Phases of Five-Dimensional Black Holes
Henriette Elvang, Roberto Emparan, Pau Figueras

TL;DR
This paper explores the phase structure of five-dimensional black holes, revealing that maximal entropy configurations are black Saturns with a central black hole and thin black ring, with implications for thermodynamic stability.
Contribution
It introduces the concept of black Saturn configurations as maximal entropy solutions and analyzes their phase space and thermodynamic properties in five-dimensional gravity.
Findings
Maximal entropy configurations are black Saturns with a central black hole and thin ring.
The entropy upper bound matches that of a static black hole of the same mass.

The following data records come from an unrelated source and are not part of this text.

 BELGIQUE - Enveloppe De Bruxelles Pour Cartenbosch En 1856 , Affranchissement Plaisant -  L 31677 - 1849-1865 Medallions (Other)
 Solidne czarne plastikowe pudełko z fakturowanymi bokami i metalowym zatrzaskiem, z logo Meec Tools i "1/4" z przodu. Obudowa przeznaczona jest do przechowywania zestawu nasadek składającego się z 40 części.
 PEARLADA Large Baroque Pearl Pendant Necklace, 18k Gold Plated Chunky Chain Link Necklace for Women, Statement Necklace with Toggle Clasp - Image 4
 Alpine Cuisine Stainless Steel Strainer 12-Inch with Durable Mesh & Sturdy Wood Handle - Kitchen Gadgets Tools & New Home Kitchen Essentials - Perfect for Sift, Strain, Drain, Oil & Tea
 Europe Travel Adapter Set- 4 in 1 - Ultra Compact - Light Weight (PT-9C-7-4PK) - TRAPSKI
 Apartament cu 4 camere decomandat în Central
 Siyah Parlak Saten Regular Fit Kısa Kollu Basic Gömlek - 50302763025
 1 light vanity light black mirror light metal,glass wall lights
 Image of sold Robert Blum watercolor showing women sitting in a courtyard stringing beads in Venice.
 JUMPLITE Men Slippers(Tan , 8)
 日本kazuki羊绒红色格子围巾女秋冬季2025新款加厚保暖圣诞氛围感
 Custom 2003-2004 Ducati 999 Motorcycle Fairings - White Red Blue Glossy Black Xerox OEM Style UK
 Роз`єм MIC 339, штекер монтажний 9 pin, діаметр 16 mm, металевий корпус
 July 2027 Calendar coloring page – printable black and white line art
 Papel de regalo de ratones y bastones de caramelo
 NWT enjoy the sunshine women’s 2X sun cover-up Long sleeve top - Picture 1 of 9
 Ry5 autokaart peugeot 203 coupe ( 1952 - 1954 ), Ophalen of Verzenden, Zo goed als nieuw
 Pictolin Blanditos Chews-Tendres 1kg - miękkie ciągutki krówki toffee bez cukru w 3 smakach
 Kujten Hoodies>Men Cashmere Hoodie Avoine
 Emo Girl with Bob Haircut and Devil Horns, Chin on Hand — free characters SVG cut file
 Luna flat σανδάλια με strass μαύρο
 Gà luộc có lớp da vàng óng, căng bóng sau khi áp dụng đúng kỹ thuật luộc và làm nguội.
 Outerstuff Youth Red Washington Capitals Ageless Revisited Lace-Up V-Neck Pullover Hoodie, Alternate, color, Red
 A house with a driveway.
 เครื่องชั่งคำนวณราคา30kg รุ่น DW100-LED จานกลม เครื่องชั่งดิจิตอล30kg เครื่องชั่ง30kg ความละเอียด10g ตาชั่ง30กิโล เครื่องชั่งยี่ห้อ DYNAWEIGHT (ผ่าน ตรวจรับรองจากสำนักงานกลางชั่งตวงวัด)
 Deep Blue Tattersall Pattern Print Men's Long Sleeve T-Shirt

High-entropy phases are not in thermal equilibrium, but equilibrium reduces possible phases.
Abstract
We argue that the configurations that approach maximal entropy in five-dimensional asymptotically flat vacuum gravity, for fixed mass and angular momentum, are `black Saturns' with a central, close to static, black hole and a very thin black ring around it. For any value of the angular momentum, the upper bound on the entropy is equal to the entropy of a static black hole of the same total mass. For fixed mass, spin and area there are families of multi-ring solutions with an arbitrarily large number of continuous parameters, so the total phase space is infinite-dimensional. Somewhat surprisingly, the phases of highest entropy are not in thermal equilibrium. Imposing thermodynamical equilibrium drastically reduces the phase space to a finite, small number of different phases.